André Frappier : Quand as-tu commencé à travailler à Droits et Démocratie et quelles étaient tes fonctions ?

France-Isabelle Langlois : J’ai commencé à travailler à Droits et Démocratie en novembre 2005 et j’étais directrice adjointe des programmes. Je n’y travaille plus depuis le mois de juin 2011.

AF Quel était le rôle principal de D et D et quelles étaient tes fonctions ?

F-I L Droits et Démocratie n’est pas une ONG, c’était une création du Parlement canadien en 1988. Un héritage des Progressistes-Conservateurs de Brian Mulroney. Son rôle était de veiller à la mise en œuvre de la Chartre internationale des droits de l’homme dans le monde. Donc à réduire l’écart qui existe entre la théorie et les pratiques dans les pays en voie de développement, par un accompagnement des organisations tant non gouvernementales de la société civile que gouvernementales. On collaborait avec des ministères ou des commissions nationales des droits de la personne, par exemple, pour les aider soit à voir à l’application ou même à l’écriture des lois. Cet organisme se voulait non partisan et pour bien affirmer ce caractère non partisan Brian Mulroney avait nommé Ed Broadbent comme président du Centre.

AF Jusqu’à ce que survienne la crise est-ce que tout s’est bien déroulé au sein de l’organisme ?

F-I L Tout s’est toujours bien déroulé dans la limite des contraintes politiques. Les trois premiers présidents qui se sont succédé, Ed Brodbent, Warren Allmand et Jean-Louis Roy marchaient certainement sur une ligne mince. Ils étaient souvent à Ottawa pour parler non seulement avec les fonctionnaires du ministère des Affaires étrangères et le gouvernement en place mais aussi avec les partis d’opposition pour s’assurer de cette non partisannerie, s’assurer de la non-ingérence du gouvernement et rassurer les partis d’opposition et les fonctionnaires à l’effet que l’organisme fonctionnait de façon indépendante.

AF Que s’est-il passé exactement, qu’est-ce qui a conduit aux changements au niveau du CA et quelles ont été les réactions suite au décès de Rémy Beauregard ?

F-I L À la fin du mandat de Jean-Louis Roy, une ex employée a écrit une lettre au ministre des Affaires étrangères de l’époque, Peter McKay, pour porter plainte contre de soi-disant problèmes internes de mauvaise gestion. En fait, elle était partie avec des dossiers appartenant à Droits et Démocratie et on a dû entreprendre des recours pour les récupérer. Par vengeance, j’imagine, elle a écrit une lettre au ministre. Le gouvernement conservateur venait d’être élu l’année précédente et cela a ouvert la porte à une campagne de dénigrement du Centre. Cela se passait en 2007 un an après l’élection.
Entretemps Maxime Bernier devenait ministre des Affaires étrangères.
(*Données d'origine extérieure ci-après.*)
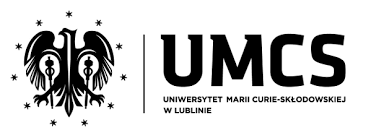 Uniwersytet Marii Curie-Skłodowskiej w Lublinie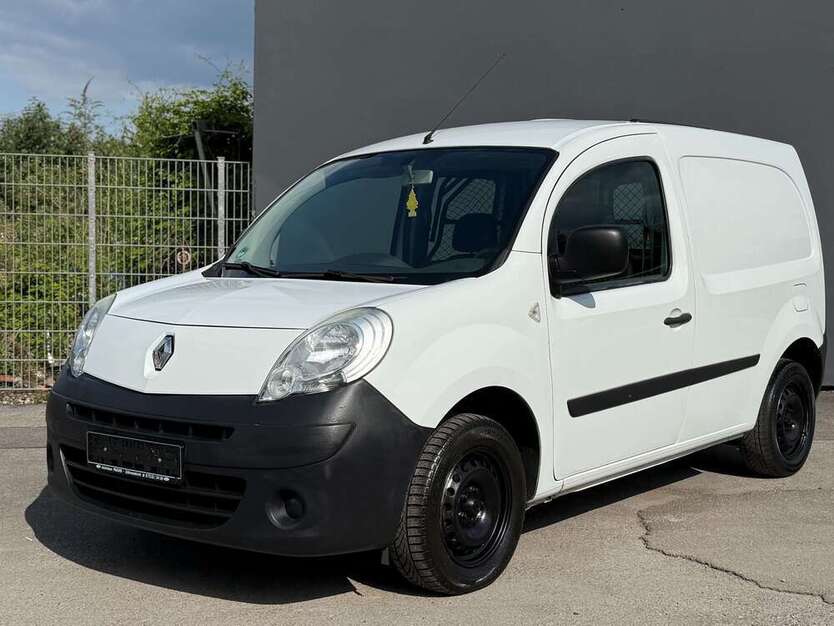 Kangoo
En même temps, on arrivait à la fin du mandat de Jean-Louis Roy, qui n’a pas été renommé puisqu’il avait été nommé par les libéraux. Les conservateurs ont pris prétexte de la lettre de l’ex-employée pour déclencher une enquête en justifiant qu’il était important d’écouter les employés, même si en fait il n’y en avait qu’une seule. Durant les quelques mois que dura l’enquête, c’est la présidente du CA qui assura l‘intérim. Cette enquête faite par le ministère lui-même, où tous les employés ont été interrogés un à un, a confirmé que personne n’avait dérogé aux normes et qu’il n’y avait eu aucune fraude ou malversations sous la direction de monsieur Roy. Par contre le ministère a recommandé que certaines procédures administratives soient resserrées et modernisées.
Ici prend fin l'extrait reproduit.